### DATASET ENTRIES
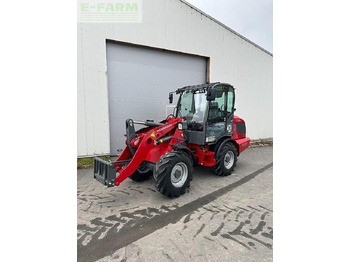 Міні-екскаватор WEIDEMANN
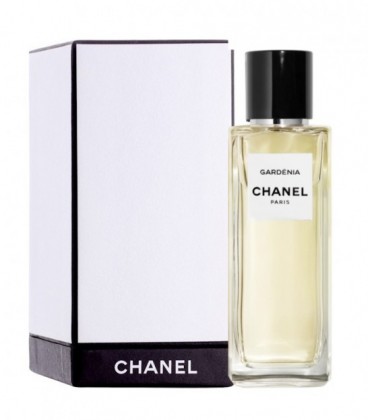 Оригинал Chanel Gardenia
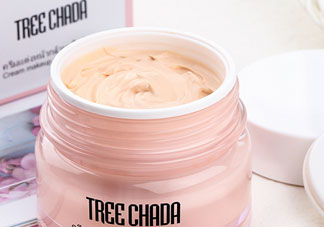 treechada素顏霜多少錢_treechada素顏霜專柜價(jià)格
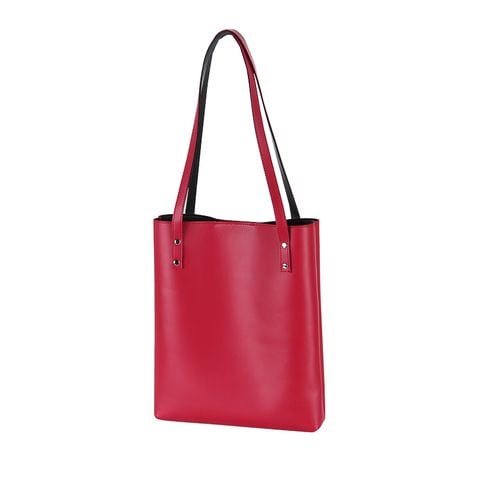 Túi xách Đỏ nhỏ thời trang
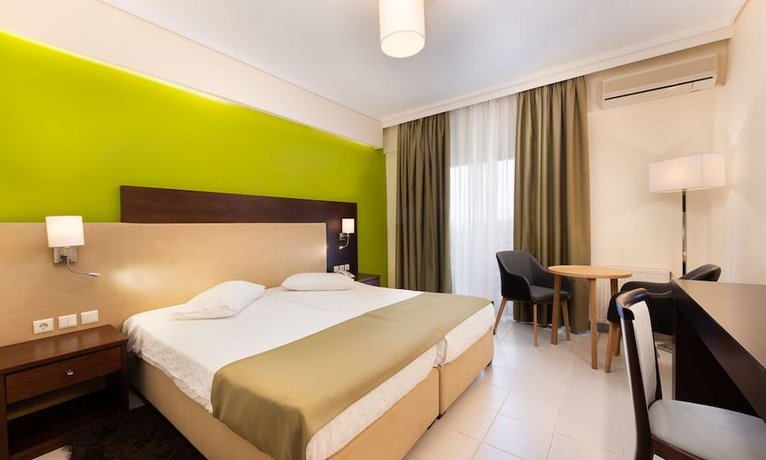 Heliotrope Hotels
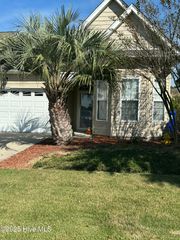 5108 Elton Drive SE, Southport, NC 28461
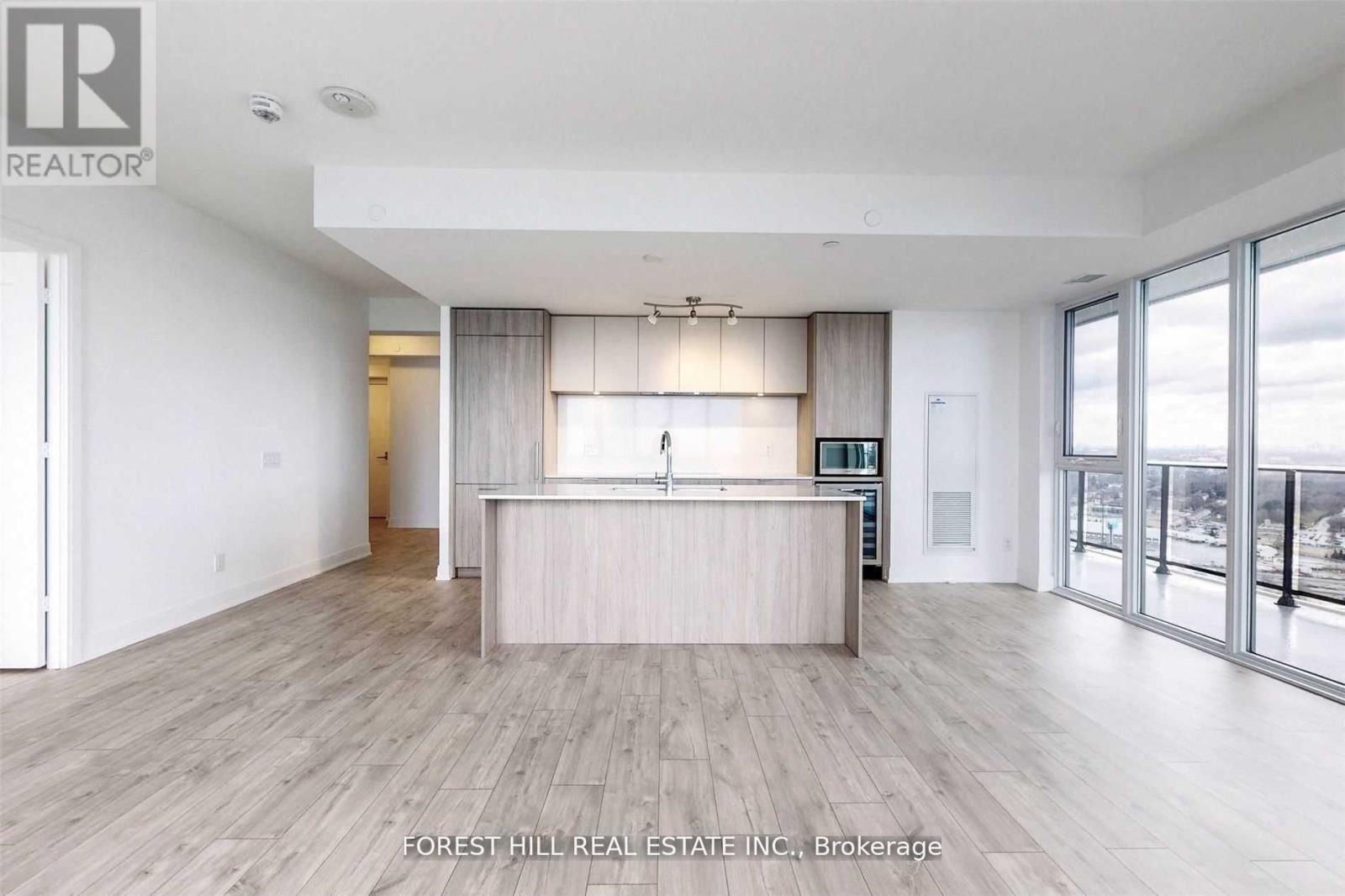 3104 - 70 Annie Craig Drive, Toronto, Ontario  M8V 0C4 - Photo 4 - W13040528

### WHAT THE TASK REQUIRES
What you output should match the records line for line, minus the pictures.

### EXERCISE SOLUTION
 Міні-екскаватор WEIDEMANN
 Оригинал Chanel Gardenia
 treechada素顏霜多少錢_treechada素顏霜專柜價(jià)格
 Túi xách Đỏ nhỏ thời trang
 Heliotrope Hotels
 5108 Elton Drive SE, Southport, NC 28461
 3104 - 70 Annie Craig Drive, Toronto, Ontario  M8V 0C4 - Photo 4 - W13040528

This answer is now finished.